LIZ TRUSS’S extraordinary statement that austerity hasn’t affected the most vulnerable women in society shows just how out of touch the modern Tory Party has become.

If it were just Truss, she could maybe be dismissed as one heartless individual with no connection to the rest of society. But it’s not.

They’re all at it. As Jeremy Corbyn stated in one of his first PMQs as Labour leader, the Tories are nothing less than poverty-deniers.

We have Theresa May declaring (not for the first time) that austerity is over, while other members of her party are still arguing that it’s good for us.

For example, Norwich North MP Chloe Smith, with a majority of less than 600, telling a classroom full of children on a recent visit to a secondary school in her constituency that austerity had been good for everyone and that there had been no cuts to education funding.

This, like so many other Tory lies, bears no relationship to the reality. While spending may have gone up in cash terms, it has not kept pace with inflation nor the significant rise in pupil numbers, leading to a massive real-terms cut.

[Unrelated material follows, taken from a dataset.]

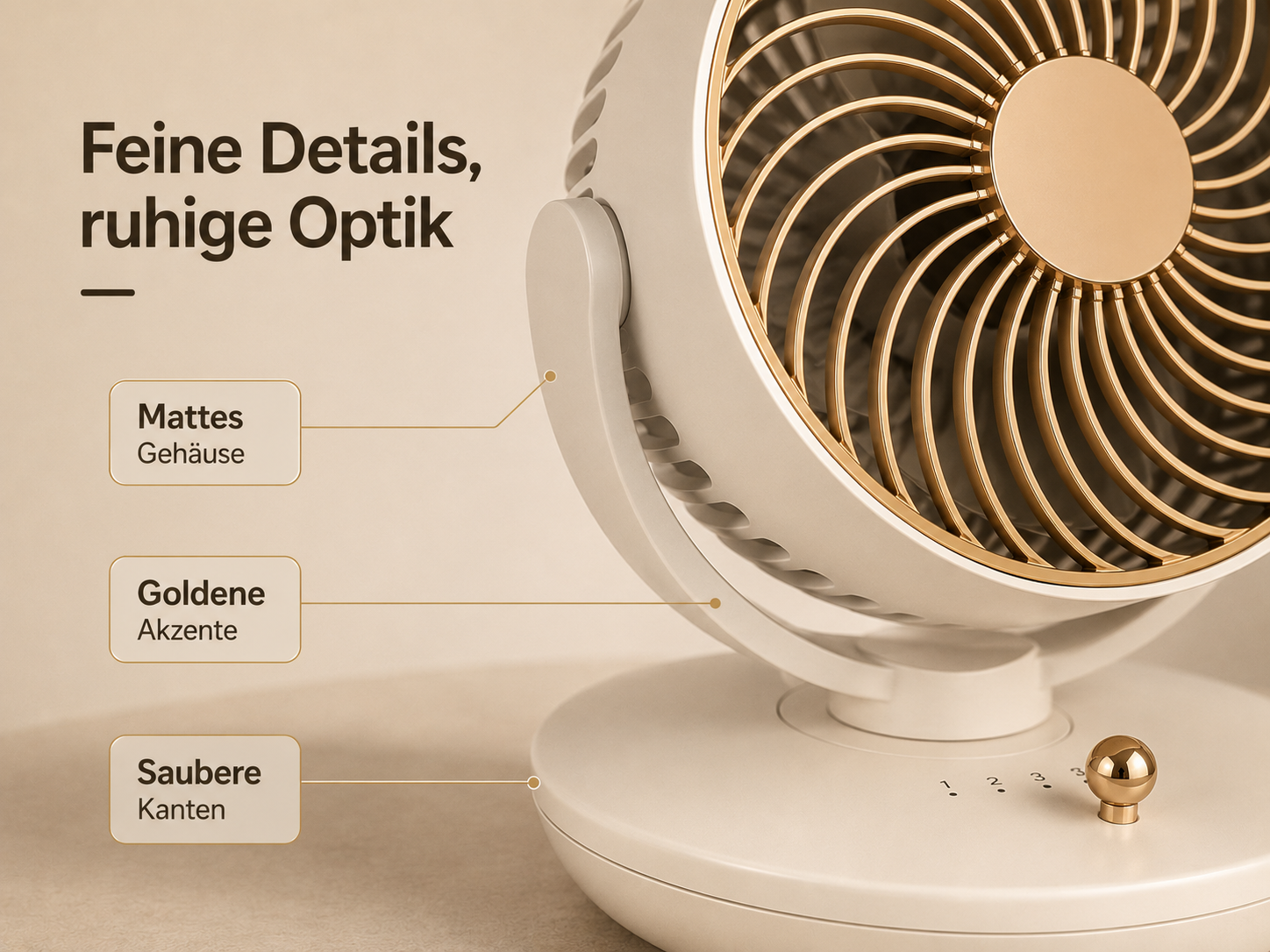 Nahaufnahme eines cremefarbenen Ventilators mit goldenen Akzenten und matter Oberfläche.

And if the Tories don’t believe us, they should ask the 2,000 head teachers who took part in an unprecedented march to demand the funds to keep their schools going, or the children who are missing out on a fifth of their education because their schools have had to move to a four-day week to balance the books.

This, like the huge rise in child poverty, should be a national scandal. The number of children living in poverty has risen for the third year in a row, now standing at almost a third of all children.

But in Tory Britain, this is regarded as a success — balancing the books on the backs of the poor. And May tells us austerity is over.

So the question we want to ask is what is the Tories’ problem with reality? Why do they refuse to recognise the facts of the world around them? Why do they refuse to acknowledge the crisis they have created? It is almost as if they live in a different world from the rest of us.

Which of course they do. While the people of this country have suffered the effects of the austerity they have forced upon us, the richest 1 per cent globally, in whose interests the Tories operate, are on track to own two-thirds of all wealth by 2030. It’s no wonder they think austerity is over. They’re laughing all the way to the bank.

But they won’t be able to sell the lie to the rest of us any longer. With a real challenge to the neoliberal politics of austerity from Corbyn’s government-in-waiting, the people of this country are starting to ask questions.

If austerity is over, when will Damian Hinds be announcing that proposed cuts to school budgets have been shelved and the funding lost over the past eight years will be restored?

When will they be announcing the long-awaited and much-needed sustainable funding plans for our NHS? And when will workers across our economy be receiving a real pay rise?

Until then, people will see Tory lies for what what they are — Tory lies. And we will continue to fight for a government that meets the aspirations of the many, not the few.